Problem to solve — The line with "A black coffee" through the last line of the entries: give these again exactly, and only these, without any pictures.

Records for this task —
★ ★ ★

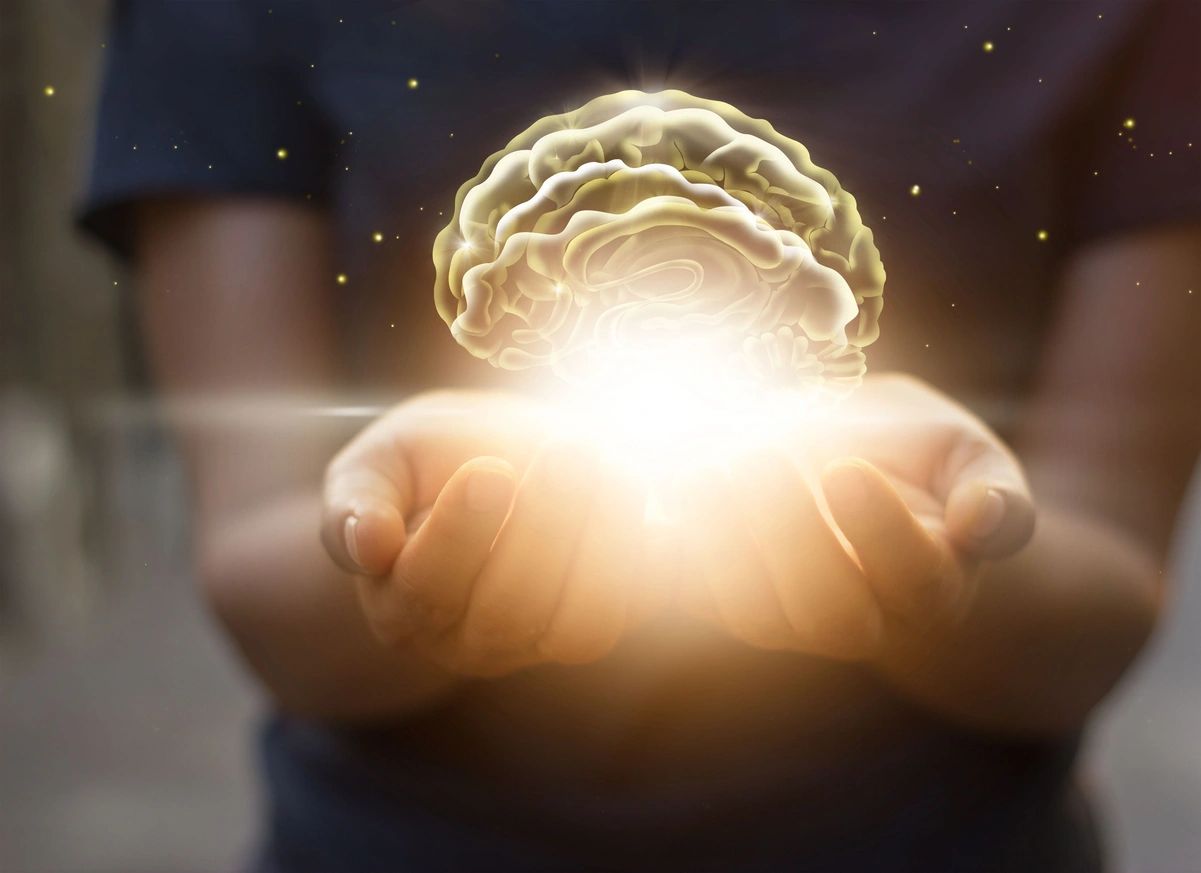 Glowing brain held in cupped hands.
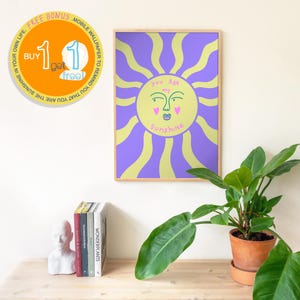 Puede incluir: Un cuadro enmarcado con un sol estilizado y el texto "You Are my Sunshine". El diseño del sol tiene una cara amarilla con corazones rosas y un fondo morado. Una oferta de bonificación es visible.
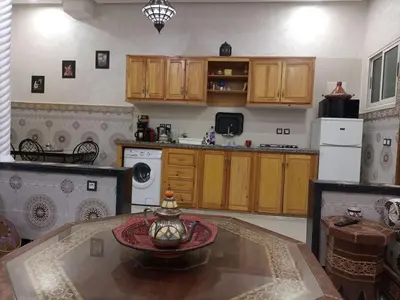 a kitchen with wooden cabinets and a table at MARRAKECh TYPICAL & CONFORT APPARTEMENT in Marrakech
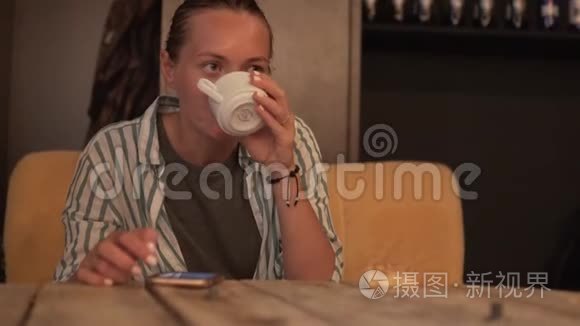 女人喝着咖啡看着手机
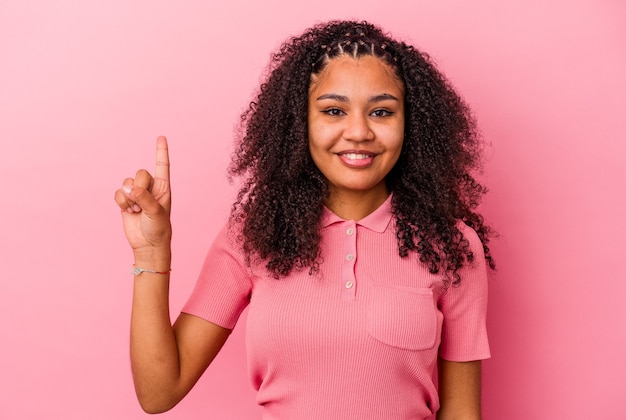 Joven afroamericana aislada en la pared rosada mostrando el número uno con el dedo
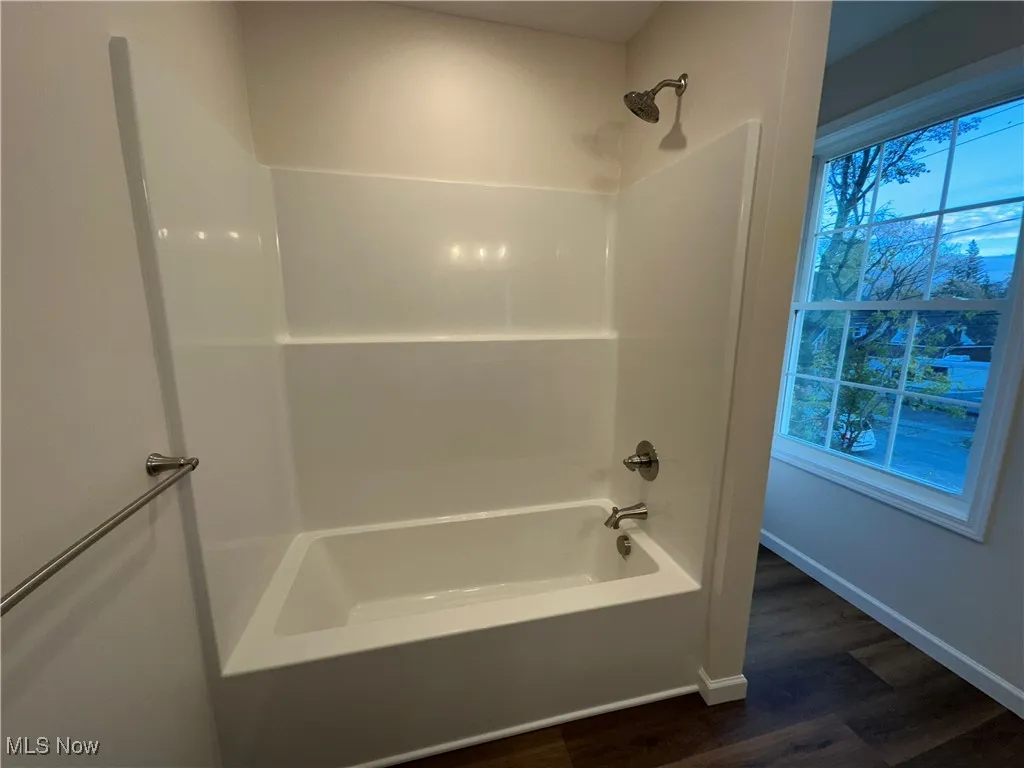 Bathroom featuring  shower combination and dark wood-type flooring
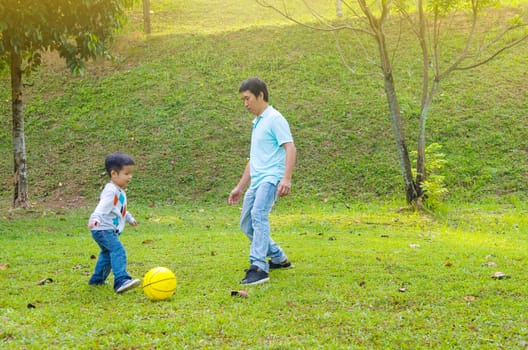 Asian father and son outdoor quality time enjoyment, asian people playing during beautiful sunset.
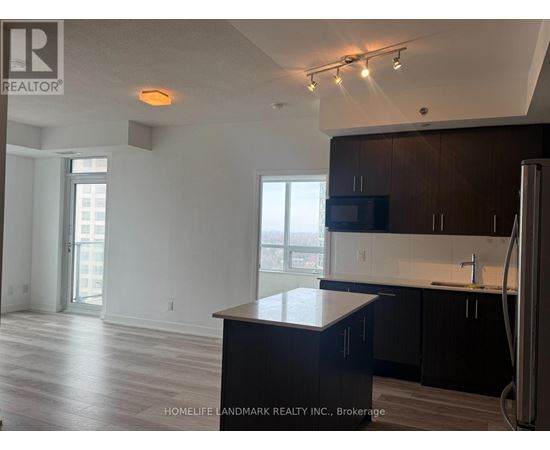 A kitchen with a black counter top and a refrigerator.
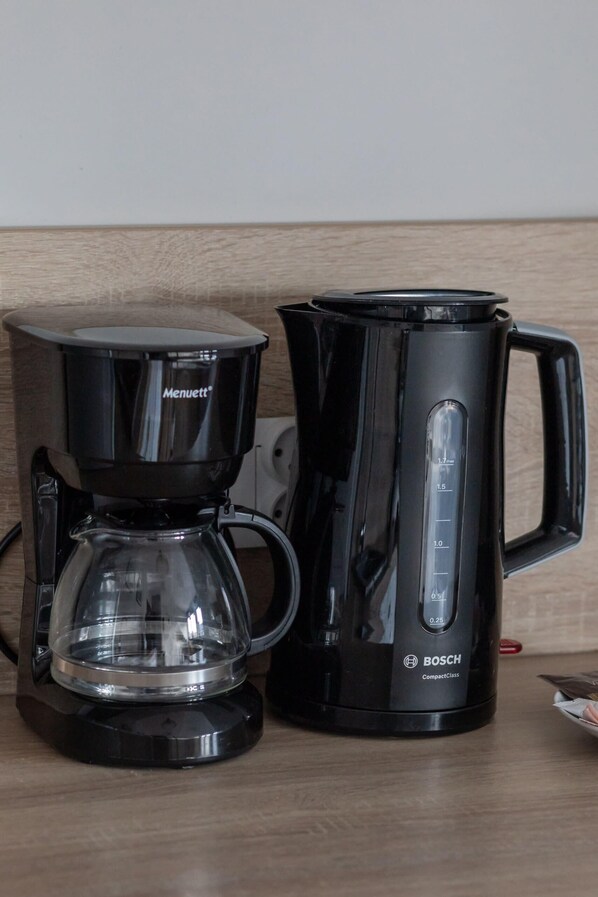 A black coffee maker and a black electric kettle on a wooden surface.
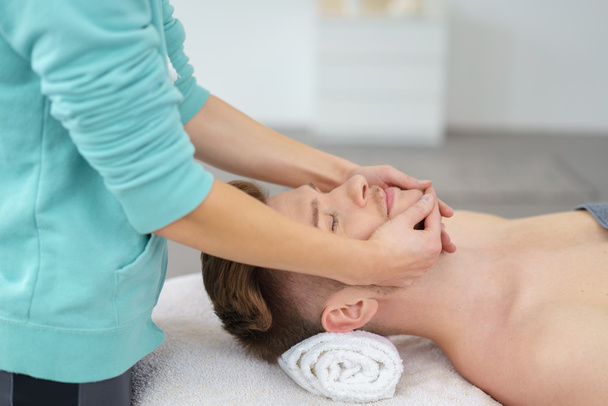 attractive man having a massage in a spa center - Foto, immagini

★ ★ ★

Answer for the task —
 A black coffee maker and a black electric kettle on a wooden surface.
 attractive man having a massage in a spa center - Foto, immagini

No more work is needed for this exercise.